Specifying the sender's email address as the return path is a detrimental practice impacting email deliverability and sender reputation. This configuration disrupts automated bounce processing, leading to unhandled bounces, cluttered inboxes, and difficulties in managing legitimate replies. It negatively affects sender reputation, hinders list cleaning, increases bounce rates, and can lead to blacklisting. Proper bounce management, facilitated by a dedicated bounce address and automated processes, is crucial for maintaining list hygiene, avoiding spam complaints, and ensuring positive sender reputation, ultimately leading to improved engagement metrics and adherence to email standards.
11 marketer opinions
Specifying the sender's email address as the return path is detrimental to email deliverability and sender reputation. This practice leads to cluttered inboxes, makes it difficult to manage legitimate replies, and prevents automated bounce processing. It negatively impacts sender reputation by hindering effective list cleaning, increasing bounce rates, and potentially leading to blacklisting. Proper bounce management requires a dedicated bounce address to ensure effective list hygiene, avoid spam complaints, and maintain a positive sending reputation.
Marketer view
Email marketer from SendPulse explains that specifying the sender's address as the return path can lead to deliverability issues due to the inability to automatically process and remove bounced email addresses from the mailing list, leading to higher bounce rates and potential blacklisting.
8 Jun 2023 - SendPulse
Marketer view
Email marketer from Reddit shares that using the sender's address as the return path clutters the inbox making it difficult to organise replies and bounce emails, and is an organizational nightmare, leading to missed communications and poor inbox management.
22 Mar 2023 - Reddit
6 expert opinions
Specifying the sender's email address as the return path is a bad practice primarily because it disrupts proper bounce management. It leads to unhandled asynchronous bounces, meaning the ESP isn't processing failures correctly. This setup gives customers bounces they can't act on and bypasses automated bounce processing, degrading list quality and deliverability. Ultimately, neglecting bounce management harms sender reputation.
Expert view
Expert from Email Geeks says that this is a bad setup.
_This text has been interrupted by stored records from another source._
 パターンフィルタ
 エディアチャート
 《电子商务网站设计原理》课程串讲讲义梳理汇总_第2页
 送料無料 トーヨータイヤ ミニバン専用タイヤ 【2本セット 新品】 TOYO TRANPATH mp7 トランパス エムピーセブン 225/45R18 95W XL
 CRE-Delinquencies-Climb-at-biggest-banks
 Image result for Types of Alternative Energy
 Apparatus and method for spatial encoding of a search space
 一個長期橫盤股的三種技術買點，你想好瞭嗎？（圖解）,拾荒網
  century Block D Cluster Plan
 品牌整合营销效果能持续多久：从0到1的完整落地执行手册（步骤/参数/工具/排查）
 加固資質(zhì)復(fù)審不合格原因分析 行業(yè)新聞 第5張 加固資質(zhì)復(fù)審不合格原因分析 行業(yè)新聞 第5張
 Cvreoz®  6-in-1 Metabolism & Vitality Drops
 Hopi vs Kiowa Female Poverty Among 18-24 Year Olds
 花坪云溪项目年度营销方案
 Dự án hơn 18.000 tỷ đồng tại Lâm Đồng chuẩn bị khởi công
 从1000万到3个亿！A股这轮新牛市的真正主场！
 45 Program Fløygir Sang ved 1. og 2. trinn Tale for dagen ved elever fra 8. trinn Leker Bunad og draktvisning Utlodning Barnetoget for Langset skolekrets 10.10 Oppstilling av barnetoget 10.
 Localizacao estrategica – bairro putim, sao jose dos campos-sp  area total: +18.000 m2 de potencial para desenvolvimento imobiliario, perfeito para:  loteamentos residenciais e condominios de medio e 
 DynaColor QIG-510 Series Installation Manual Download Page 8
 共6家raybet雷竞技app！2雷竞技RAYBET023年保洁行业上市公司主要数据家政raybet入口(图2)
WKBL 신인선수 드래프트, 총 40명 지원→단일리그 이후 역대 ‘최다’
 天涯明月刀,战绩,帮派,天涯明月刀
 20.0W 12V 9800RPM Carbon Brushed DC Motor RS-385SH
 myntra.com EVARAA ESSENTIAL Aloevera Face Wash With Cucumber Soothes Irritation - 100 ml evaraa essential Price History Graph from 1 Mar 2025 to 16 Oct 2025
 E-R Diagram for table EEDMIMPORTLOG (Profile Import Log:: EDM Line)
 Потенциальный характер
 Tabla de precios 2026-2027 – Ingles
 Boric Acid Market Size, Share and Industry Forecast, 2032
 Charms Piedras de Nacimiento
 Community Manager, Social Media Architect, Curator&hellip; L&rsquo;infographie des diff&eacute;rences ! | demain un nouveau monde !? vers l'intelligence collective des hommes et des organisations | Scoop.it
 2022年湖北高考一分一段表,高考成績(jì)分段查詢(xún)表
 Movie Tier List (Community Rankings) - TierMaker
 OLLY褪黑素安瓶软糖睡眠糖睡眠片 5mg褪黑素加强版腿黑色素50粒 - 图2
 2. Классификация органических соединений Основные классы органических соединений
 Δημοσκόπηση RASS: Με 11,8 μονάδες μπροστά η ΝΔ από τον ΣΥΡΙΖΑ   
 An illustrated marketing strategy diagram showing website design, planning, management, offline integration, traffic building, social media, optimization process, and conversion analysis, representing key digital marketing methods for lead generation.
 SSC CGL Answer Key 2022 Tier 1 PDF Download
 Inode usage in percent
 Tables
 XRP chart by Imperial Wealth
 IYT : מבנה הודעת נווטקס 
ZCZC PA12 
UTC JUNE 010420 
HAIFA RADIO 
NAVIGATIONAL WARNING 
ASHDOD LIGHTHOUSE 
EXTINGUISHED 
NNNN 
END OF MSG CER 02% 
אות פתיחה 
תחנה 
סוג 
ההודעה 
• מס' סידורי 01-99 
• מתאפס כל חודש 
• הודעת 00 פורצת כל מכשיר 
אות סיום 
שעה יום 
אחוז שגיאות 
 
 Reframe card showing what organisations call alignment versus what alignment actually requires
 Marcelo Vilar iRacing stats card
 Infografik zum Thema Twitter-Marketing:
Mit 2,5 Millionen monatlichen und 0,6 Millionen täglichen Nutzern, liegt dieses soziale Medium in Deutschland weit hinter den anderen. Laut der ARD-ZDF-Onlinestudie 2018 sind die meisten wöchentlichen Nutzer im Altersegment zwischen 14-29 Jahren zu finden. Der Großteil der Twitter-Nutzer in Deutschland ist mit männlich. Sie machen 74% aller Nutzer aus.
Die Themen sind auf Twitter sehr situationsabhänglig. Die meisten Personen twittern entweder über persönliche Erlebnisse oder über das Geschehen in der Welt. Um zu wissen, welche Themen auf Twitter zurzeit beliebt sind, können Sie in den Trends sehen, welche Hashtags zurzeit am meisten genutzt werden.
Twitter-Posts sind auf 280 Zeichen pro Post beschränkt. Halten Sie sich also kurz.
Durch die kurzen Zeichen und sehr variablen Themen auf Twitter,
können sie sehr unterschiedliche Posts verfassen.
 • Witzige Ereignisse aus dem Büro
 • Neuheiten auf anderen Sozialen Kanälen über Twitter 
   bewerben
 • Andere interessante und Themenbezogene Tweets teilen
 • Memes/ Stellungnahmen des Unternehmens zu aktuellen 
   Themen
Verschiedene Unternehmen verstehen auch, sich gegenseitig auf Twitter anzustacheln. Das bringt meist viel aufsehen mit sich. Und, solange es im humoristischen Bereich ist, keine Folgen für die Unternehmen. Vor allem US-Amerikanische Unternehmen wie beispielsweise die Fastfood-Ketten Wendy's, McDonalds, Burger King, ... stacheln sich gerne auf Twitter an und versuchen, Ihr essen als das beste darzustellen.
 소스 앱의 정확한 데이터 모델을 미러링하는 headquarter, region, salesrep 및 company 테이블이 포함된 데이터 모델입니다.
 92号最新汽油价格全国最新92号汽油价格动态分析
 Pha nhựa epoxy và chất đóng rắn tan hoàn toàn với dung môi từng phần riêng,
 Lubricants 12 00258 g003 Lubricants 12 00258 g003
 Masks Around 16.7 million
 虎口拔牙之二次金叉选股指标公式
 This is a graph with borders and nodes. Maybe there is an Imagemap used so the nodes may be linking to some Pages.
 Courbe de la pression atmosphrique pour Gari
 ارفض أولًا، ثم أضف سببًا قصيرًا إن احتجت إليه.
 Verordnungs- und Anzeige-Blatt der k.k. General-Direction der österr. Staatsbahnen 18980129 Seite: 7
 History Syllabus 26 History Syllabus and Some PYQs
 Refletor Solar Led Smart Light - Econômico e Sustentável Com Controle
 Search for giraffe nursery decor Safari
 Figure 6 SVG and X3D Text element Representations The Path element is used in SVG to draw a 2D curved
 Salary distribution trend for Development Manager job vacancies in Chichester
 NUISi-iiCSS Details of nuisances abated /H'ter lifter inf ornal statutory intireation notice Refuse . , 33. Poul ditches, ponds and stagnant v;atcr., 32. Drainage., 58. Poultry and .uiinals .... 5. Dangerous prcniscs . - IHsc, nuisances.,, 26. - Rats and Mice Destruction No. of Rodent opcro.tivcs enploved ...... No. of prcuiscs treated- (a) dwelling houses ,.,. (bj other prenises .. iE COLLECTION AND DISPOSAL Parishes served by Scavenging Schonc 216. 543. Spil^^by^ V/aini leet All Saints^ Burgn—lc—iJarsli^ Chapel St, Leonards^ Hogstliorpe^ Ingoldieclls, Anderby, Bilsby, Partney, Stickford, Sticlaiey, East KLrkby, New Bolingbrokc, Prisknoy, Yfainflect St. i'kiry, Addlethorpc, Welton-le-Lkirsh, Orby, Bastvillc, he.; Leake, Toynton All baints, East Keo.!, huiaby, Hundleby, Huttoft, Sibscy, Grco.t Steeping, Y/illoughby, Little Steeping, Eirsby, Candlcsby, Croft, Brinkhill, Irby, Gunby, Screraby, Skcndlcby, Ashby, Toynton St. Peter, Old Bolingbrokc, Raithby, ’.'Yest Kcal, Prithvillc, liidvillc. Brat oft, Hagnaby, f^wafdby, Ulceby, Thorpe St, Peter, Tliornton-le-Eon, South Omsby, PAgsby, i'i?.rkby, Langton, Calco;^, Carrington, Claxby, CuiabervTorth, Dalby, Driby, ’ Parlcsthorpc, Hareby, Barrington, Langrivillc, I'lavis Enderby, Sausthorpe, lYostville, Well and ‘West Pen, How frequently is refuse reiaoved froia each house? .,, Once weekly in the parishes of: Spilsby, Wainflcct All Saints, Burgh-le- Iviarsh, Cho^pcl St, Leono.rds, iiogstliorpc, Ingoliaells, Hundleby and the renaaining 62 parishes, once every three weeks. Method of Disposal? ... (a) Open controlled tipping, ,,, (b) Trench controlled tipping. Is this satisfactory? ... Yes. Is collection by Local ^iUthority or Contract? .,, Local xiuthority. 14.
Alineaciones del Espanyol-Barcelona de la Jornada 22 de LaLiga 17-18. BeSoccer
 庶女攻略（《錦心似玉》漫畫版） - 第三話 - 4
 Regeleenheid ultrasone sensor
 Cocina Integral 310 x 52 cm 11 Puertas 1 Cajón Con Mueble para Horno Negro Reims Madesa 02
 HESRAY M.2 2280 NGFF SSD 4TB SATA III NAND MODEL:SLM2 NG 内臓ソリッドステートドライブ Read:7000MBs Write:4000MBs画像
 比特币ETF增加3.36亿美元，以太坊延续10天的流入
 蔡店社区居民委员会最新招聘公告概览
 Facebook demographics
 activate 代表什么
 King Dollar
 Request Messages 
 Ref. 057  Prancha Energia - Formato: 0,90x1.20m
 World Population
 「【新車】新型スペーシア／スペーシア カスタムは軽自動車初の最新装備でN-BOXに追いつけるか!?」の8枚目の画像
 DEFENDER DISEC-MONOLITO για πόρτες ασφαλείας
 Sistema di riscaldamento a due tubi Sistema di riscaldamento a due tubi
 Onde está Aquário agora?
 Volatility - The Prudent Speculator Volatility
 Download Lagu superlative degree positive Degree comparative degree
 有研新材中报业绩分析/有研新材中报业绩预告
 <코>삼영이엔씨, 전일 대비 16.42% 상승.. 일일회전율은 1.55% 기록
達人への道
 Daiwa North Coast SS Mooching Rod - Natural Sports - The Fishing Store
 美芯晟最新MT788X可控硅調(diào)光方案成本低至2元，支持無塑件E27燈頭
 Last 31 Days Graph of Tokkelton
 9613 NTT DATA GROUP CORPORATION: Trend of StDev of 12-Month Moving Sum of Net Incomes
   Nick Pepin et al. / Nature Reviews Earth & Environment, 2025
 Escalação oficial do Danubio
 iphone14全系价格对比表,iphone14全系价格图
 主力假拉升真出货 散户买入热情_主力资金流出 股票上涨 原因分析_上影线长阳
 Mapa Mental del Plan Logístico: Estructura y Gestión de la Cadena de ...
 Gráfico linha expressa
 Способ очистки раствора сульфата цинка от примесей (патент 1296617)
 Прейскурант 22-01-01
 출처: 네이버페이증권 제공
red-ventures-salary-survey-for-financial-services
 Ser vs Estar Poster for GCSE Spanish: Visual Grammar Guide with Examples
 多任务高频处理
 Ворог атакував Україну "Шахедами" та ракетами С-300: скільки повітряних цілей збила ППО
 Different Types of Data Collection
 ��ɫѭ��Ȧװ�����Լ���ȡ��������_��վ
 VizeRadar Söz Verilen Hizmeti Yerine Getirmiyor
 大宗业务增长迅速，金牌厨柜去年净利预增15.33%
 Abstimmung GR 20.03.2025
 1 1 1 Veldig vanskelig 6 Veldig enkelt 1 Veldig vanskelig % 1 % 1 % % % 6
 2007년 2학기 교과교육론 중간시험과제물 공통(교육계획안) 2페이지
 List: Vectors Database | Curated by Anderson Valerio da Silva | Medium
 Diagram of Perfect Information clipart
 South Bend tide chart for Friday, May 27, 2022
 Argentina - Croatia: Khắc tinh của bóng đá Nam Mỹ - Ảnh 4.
It could just be a configuration issue, but it's something to look at and fix.
6 Nov 2022 - Email Geeks
Expert view
Expert from Email Geeks confirms that the ESP isn't seeing the async bounces at all.
28 Oct 2021 - Email Geeks
4 technical articles
Specifying the sender's email address as the return path is a bad practice because it disrupts established mechanisms for handling bounce messages and feedback loops. The 'Return-Path' header is designed for automated bounce processing, and using the sender's address circumvents this process, leading to operational issues, difficulty complying with anti-spam regulations, disrupted feedback loops, and potential deliverability issues and blacklisting. A dedicated bounce mailbox is essential for effective bounce management and maintaining a positive sending reputation.
Technical article
Documentation from RFC Editor specifies that the 'Return-Path' header is intended to designate a mailbox to which bounce messages should be sent. Using the sender's actual address can lead to operational issues if the sender's system is not equipped to handle a high volume of bounce messages.
8 Apr 2024 - RFC Editor
Technical article
Documentation from Mailgun specifies that dedicated infrastructure for handling bounces and feedback loops is vital for maintaining high deliverability rates. Directing bounces to the sender's inbox bypasses this infrastructure, leading to deliverability issues and potential blacklisting.